Monday 6 December 2010

"Kingdom Come"


_This is an article that is very interesting to read. I picked it because I heard that Ballard's "Kingdom Come" is about shopping centre, I don't think I am interested in whether it is Fascist or not. However, from it, I learnt that Nazism is actually a psychological 'revolution' - and it makes me wonder "are we not still going through that right now somehow?"

"Why do I dislike the Bentall Centre so much? Because it’s so… cretinous. [The consumers] seem to be moving though a kind of commercial dream space and vague signals float through their brains." [‘JG Ballard: The Comforts of Madness’, interview in The Independent, 15 September 2006.]
"If there is no principle restricting who can consume what, there is also no principled constraint on what can be consumed: all social relations, activities and objects can in principle be exchanged as commodities. This is one of the most profound secularizations enacted by the modern world … [and] places the intimate world of the everyday into the impersonal world of the market and its values. Moreover, while consumer culture appears universal because it is depicted as a land of freedom in which everyone can be a consumer, it is also felt to be universal because everyone must be a consumer: this particular freedom is compulsory." [Don Slater, Consumer Culture & Modernity, Polity Press (Cambridge), 1997, p 27.]

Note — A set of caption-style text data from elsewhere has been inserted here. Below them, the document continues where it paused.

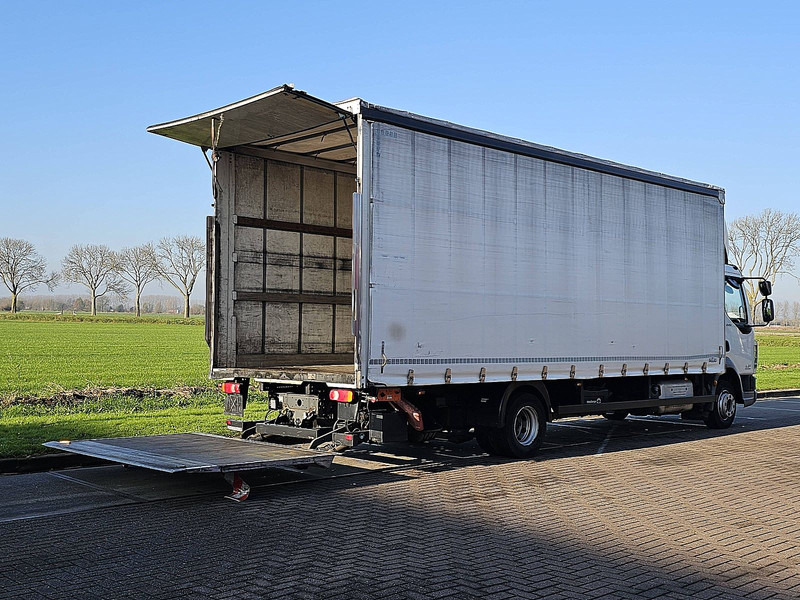 DAF LF 220 - Curtainsider truck: picture 3 DAF LF 220 - Curtainsider truck: picture 3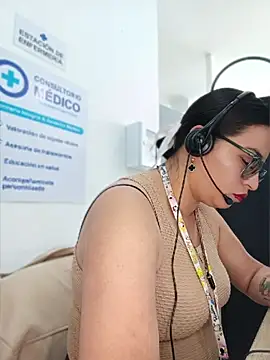 Snapshot of SOFI__10 chatting on 20, 6, 2026 SOFI 10 online show from 20, 6, 2026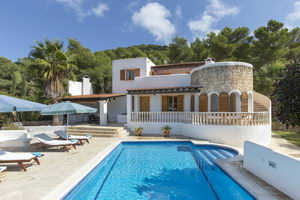 Ibiza Ferienvilla mit Turm - Can Verde mit Pool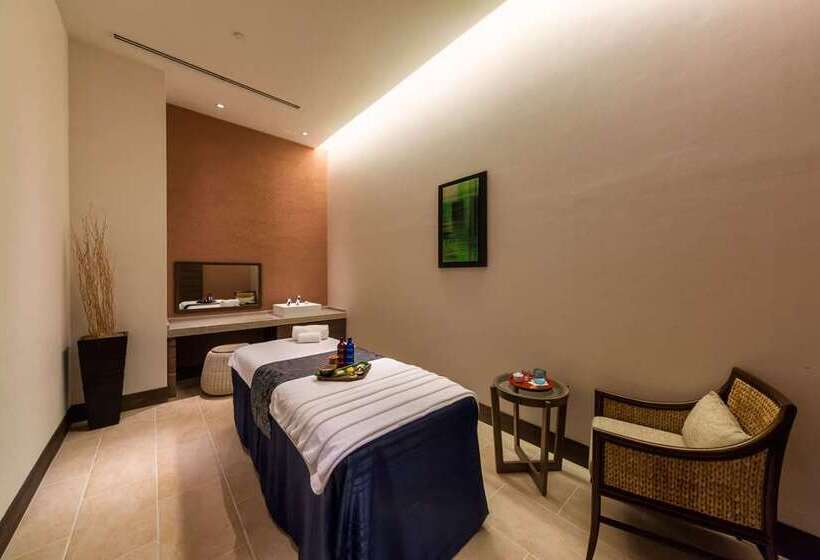 Hilton Okinawa Chatan Resort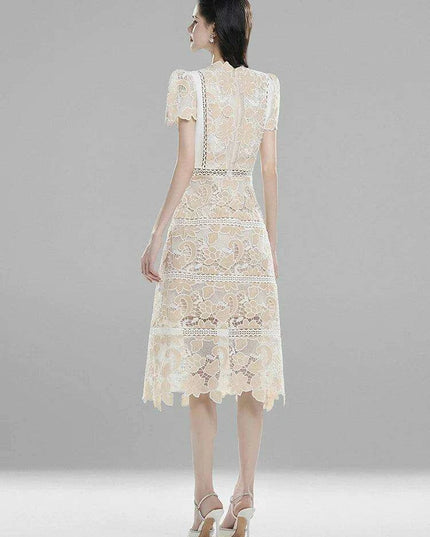 Elegant Floral Evening Dress with Ruffle Collar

"Consumerism rules, but people are bored. They’re out on the edge, waiting for something big and strange to come along. … They want to be frightened. They want to know fear. And maybe they want to go a little mad." [JG Ballard, Kingdom Come, op cit, p 101.]

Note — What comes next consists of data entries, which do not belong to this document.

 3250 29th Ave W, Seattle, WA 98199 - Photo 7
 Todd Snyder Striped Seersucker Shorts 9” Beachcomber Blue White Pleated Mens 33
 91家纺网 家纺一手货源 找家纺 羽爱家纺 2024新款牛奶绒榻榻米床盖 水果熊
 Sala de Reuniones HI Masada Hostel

"Therefore the conventional ways in which we viewed the world, which had been buttressed by traditional social structures and conforming behaviours, have weakened their hold over us. The external environment has become fictionalized, and ‘reality’ – that which is of most significance in our lives – has retreated inside our minds, to be represented by our hopes, desires and obsessions." [Some of Ballard’s clearest comments on the fictionalization of the external world and the interiorization of reality as a consequence of increased prosperity are to be found in an unpublished interview with the Canadian Broadcasting Corporation, c1974, available at http://www.jgballard.ca/interviews/jgb_cbc_ideas_interview.html, accessed 6 May 2010.]
"Nowadays, an understanding of events and objects cannot simply be read off from the external world, nor can we link them in a straightforward temporal manner."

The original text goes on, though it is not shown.